Many claim that we are currently living in the age of the Second Cold War, that we are possibly experiencing a Third World War. Others suggest that we have already started experiencing the very intensified international wave of deglobalization. Looking through the lens of politics and rational decision-making won’t answer the question of which of the above is true. In a decade when much has already started coming under scrutiny, when political developments occur at an unyielding pace and when economies have become the weapons of choice, we have to rethink what conflict means for us and how the game will unfold in the times to come – welcome cyberconflict.

Now more than ever, we stumble across references to artificial intelligence, big data and quantitative tools which interpret rapid political developments. Not so long ago, decoding leaders’ political decisions or organizations’ pivots in the global arena could simply be put down to ideological preferences or misalignment of interests. Now, however, it all comes down to the dynamics of recent means of technology which are here to change the nature of conflict. The classic image of armies disembarking planes and entering warzones is one that has been branded in our minds, yet the face of warfare may now turn more subtle and far more lethal.

Cyberwarfare is a topic that resembles some faraway reality, and even that cannot have concrete implications on human development. This is partly because no media attention has been placed on an issue that is increasingly permeating across sectors of political, social and economic development. In the sphere of cyberwarfare, cyber-attacks seem to have become the norm; they are considered natural, necessary and normal. Reports of hacks, espionage, leaks and attacks perpetrated through cyberspace may not be flamboyantly mentioned in the news, but if you look close enough, you will always see references in major stories. Internationally, many actors, most notably Iran, have openly declared their interest in the future emphasis that will be placed on these newly introduced means of effective warfare.

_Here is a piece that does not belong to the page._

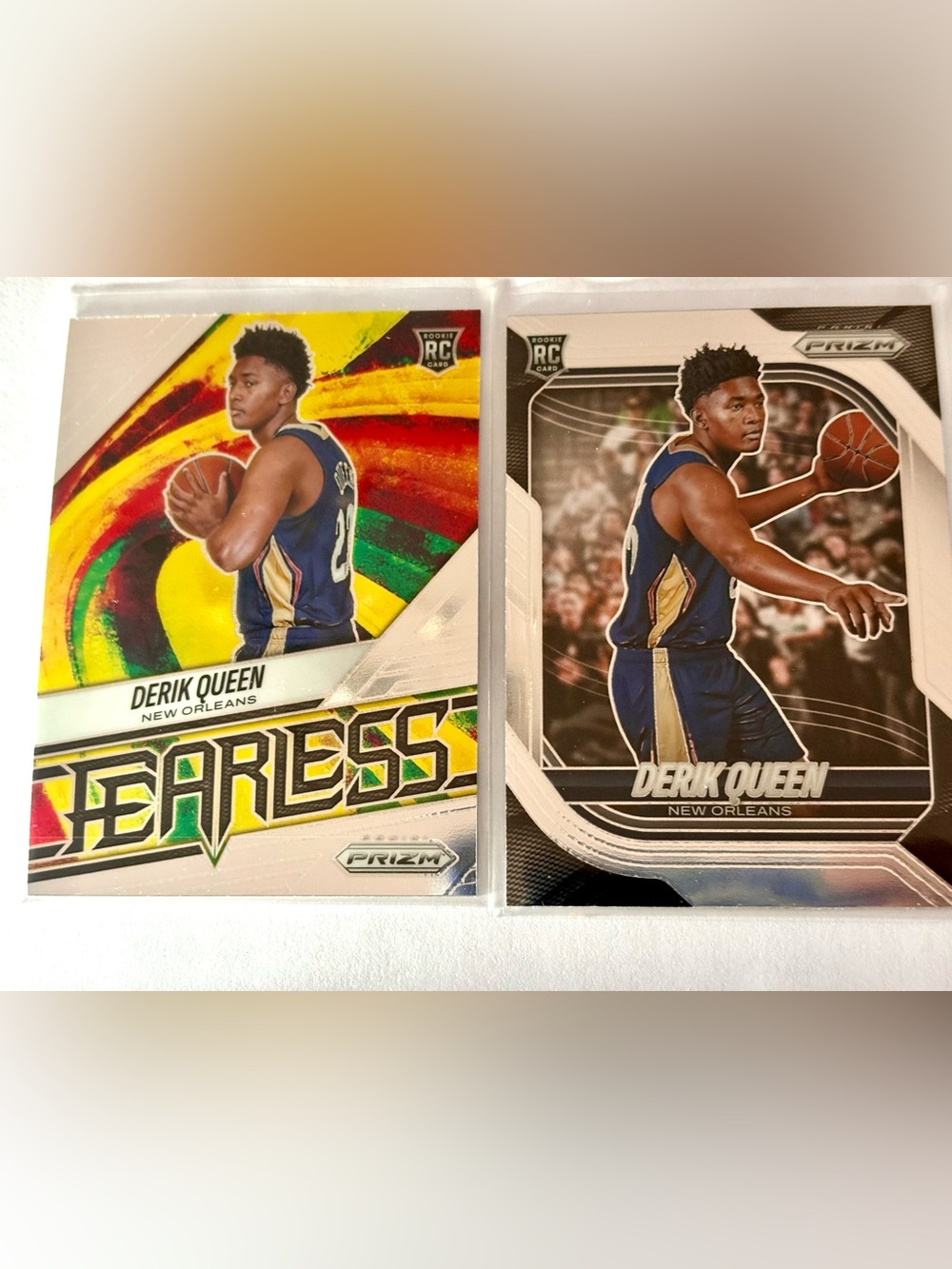 Derik Queen Rookie Cards New Orleans Pelicans Fearless Panini Prizm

Despite their attractiveness due to their efficiency, they are complex strategies with constantly changing characteristics. They may be the tools of the elites, but they are understudied and greatly undiscovered. These drawbacks are certainly attributed to the uncertainty that dominates the field of cybersecurity and cyberconflict. Uncertainty pervades a broad set of cyber issues, such as the potential political and legal restraints in cyberspace, the viability of export control, the strategic value of cyber operations and the way in which state and non-state actors can cooperate, clash and homogenize their individual preferences.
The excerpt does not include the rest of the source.